**TASK REQUIREMENTS:** Return all the lines below exactly as written. Drop every picture.

**INFORMATION SHOWN:**
+ + +

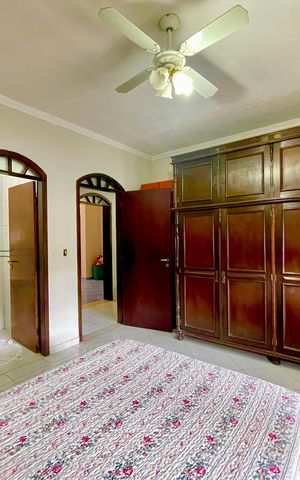 Casa à venda com 415m², 4 quartos e 5 vagas Casa à venda com 415m², 4 quartos e 5 vagasQuarto 1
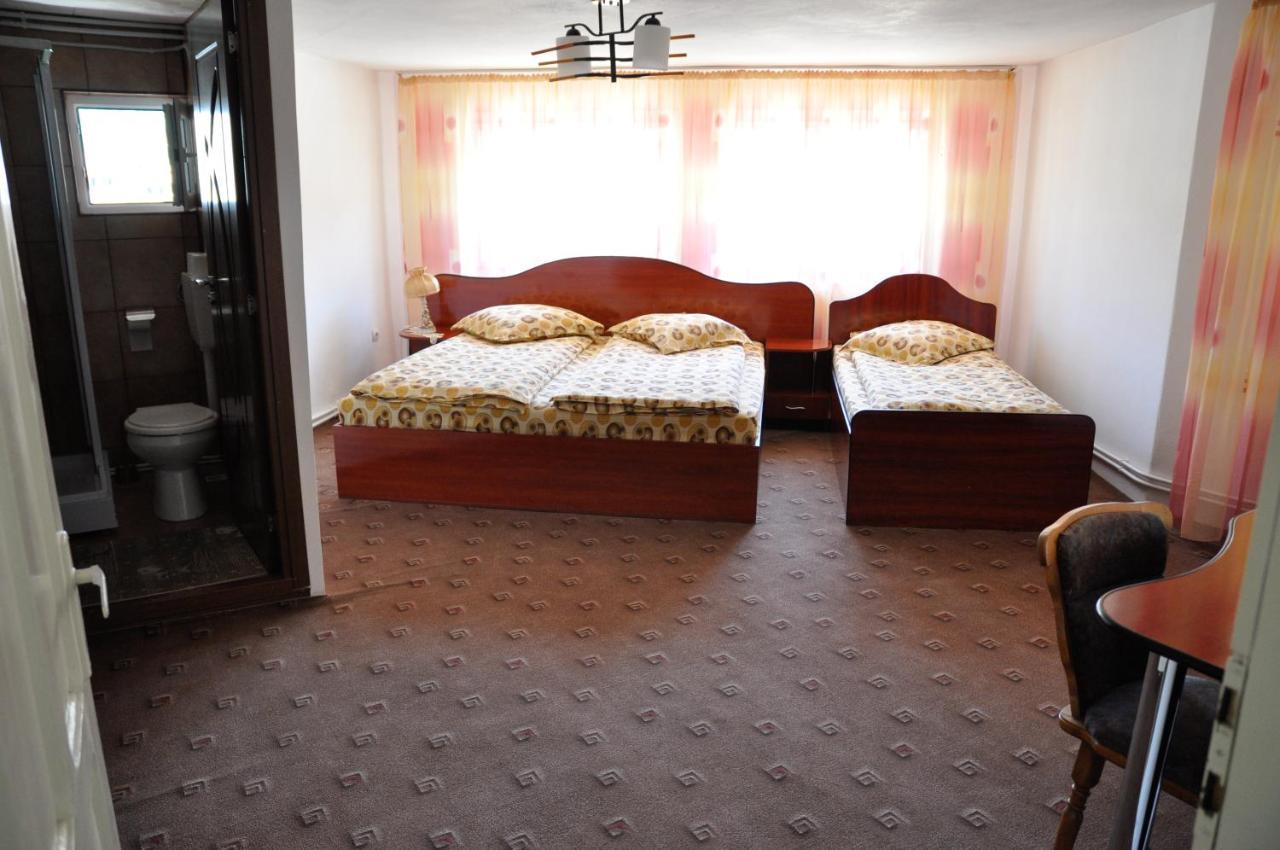 Cameră triplă cu baie privată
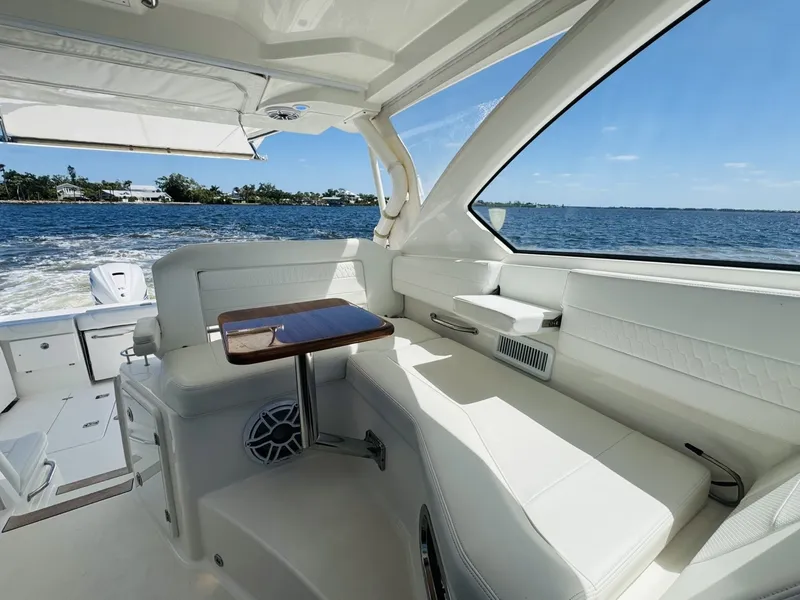 Slide: The Image of Pursuit OS 355 2021 - 6057239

+ + +

**ANSWER TO THIS PROBLEM:**
 Casa à venda com 415m², 4 quartos e 5 vagas Casa à venda com 415m², 4 quartos e 5 vagasQuarto 1
 Cameră triplă cu baie privată
 Slide: The Image of Pursuit OS 355 2021 - 6057239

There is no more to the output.